Hello everyone
I have a particular setup I want to discuss/get input from the community on. I have a customer in the works of moving from a VPN infrastructure to use Aruba and RAP-5. The customer have many offices geographically spread across out country. For the moment it's about 40-50 very small offices.
We now have a RAP-5 in place at all the offices, running fine with WLAN and using the Ethernet ports for printers etc.
The customer has insisted on having a separate IP subnet for WLAN and cable on each site. This totals a lot of VLAN and also wants to use Aruba as DHCP for these VLANs. The reason for using Aruba as DHCP is that the customer don't have a good infrastructure behind at the moment, but moving to a full AD, RADIUS etc.
They also want to have separate VLAN for WLAN/cable for each site, for easier troubleshooting. If a customer with the given IP is having problems they will instantly know which location the problem is at. I have told them that this is not an optimal solution, but VLAN wise and DHCP wise.
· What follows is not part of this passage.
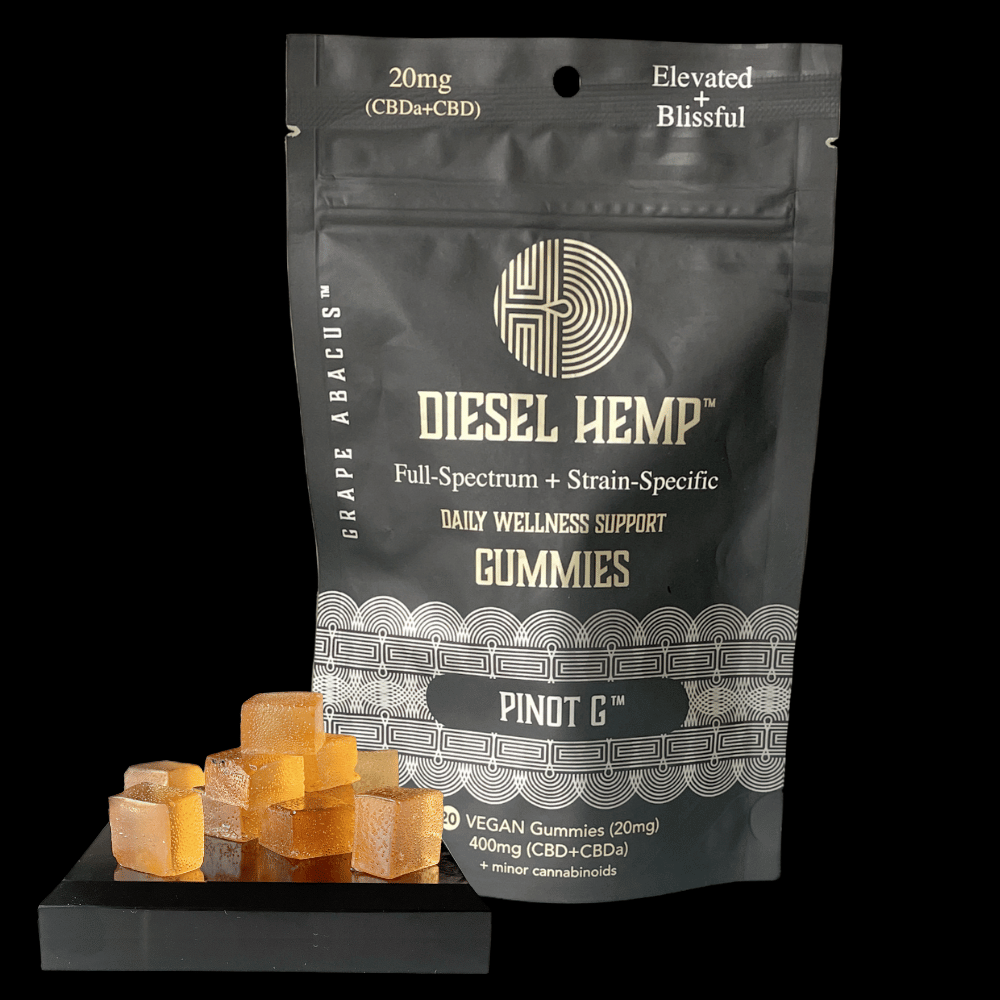 pinot G CBDA gummies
That have 2 3x00 controllers which shall be in a master-standby setup when things are up and running. But because of the sheer number of VLANs and especially DHCP scopes, I see a problem when running controllers in VRRP.
The DHCP scopes with 254 hosts is clearly an overkill at each location, but for the standby to work correctly and not having 2 DHCP servers on the same VLAN, what is the recommended setup for this.
If the master fails, the standby should have the same VLAN and same scope so that users can reach their local printer etc.
I know this is not the ideal setup and I have made that clear to the customer, but as we know the customer always is correct :D
I was thinking about splitting the scope in 2, putting the 2 parts on each controller.
The real problem is that I might need to add one VRRP instance for each DHCP scope to have a VRRP IP for each DHCP to use as gateway.
Hope anyone can brainstorm a bit with me to setup this in a somewhat sensible way.